------ THE INPUT ------

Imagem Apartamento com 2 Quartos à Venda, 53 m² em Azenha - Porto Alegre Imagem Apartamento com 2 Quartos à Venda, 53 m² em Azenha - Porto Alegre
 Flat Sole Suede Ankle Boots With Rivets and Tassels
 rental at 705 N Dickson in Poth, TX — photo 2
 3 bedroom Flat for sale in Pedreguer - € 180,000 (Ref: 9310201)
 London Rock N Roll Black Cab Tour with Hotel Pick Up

------

WHAT THIS TASK INVOLVES -
Copy out, exactly as given, the line containing "Flat Sole Suede" together with every line after it in the material.

REPLY TO THE TASK -
 Flat Sole Suede Ankle Boots With Rivets and Tassels
 rental at 705 N Dickson in Poth, TX — photo 2
 3 bedroom Flat for sale in Pedreguer - € 180,000 (Ref: 9310201)
 London Rock N Roll Black Cab Tour with Hotel Pick Up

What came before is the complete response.